Encontrar el propio camino

Esto es, entrado ya en la inquietante edad madura, cuanto recuerdo o se me ocurre decir en torno a mi experiencia de lector. No encuentro ningún rasgo de excepcionalidad en ella. No sé si leer me ha convertido en mejor o peor persona. Si en los tiempos que corren debemos obligar a los niños a que lean como leímos o si será mejor que encuentren su propio camino hacia el saber y el placer en los sofisticados medios audiovisuales que este tiempo fabuloso ha puesto ante sus manos. Si alcanzan el grado de satisfacción en las pantallas luminosas, de pequeños conocimientos, que yo encontré leyendo Las crónicas marcianas de Ray Bradbury, La montaña mágica de Thomas, Mann, El cuarteto de Alejandría de Lawrence Durrell, la Trilogía de la frontera de Cormac McCarthy o cualquier libro de Borges, creo que podrían darse por satisfechos, porque tal vez se hayan acercado un poco a la felicidad. Pero cualquiera sabe a qué tipo de felicidad aspiran nuestros descendientes.
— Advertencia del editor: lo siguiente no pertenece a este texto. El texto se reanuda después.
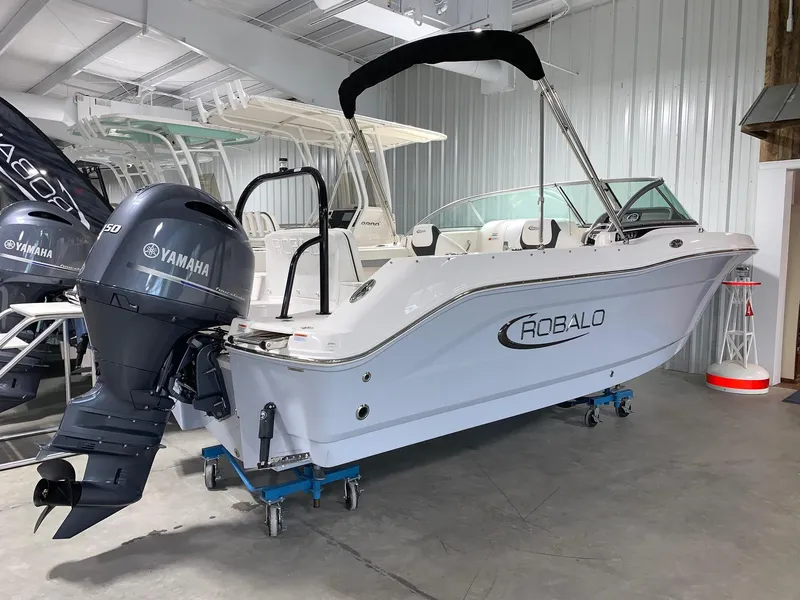 Slide: The Image of 2024 Robalo R207 Dual Console boat with Yamaha outboard motor in showroom. - 2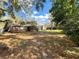 Large, private backyard with mature trees, providing plenty of room for outdoor activities and entertaining at 3907 Applegate Cir, Brandon, FL 33511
Ahora cuando cierro el libro de Enmanuel Carrere, El Reino, pienso que se cierra un círculo. Curiosamente esta novela habla de San Pablo de Tarso y su tiempo, el mismo que devoré en El hombre de Damasco perteneciente a la pentalogía, ya citada, de Alejandro Nuñez Alonso y que me mantuvo tantas noches en vela durante la adolescencia. Los libros son un misterio, pienso, volvieron loco al hombre de la Mancha y poseen extraños efectos secundarios. Muchas veces me sorprendo, inquieto, pensando a dónde demonios irán a parar todas las historias que he leído, cuando muera. Recientemente, esa imaginación fabulosa que anida en todo lector, me plantea una historia terrible, digna de Poe, ¿Cuál será el último libro que lea?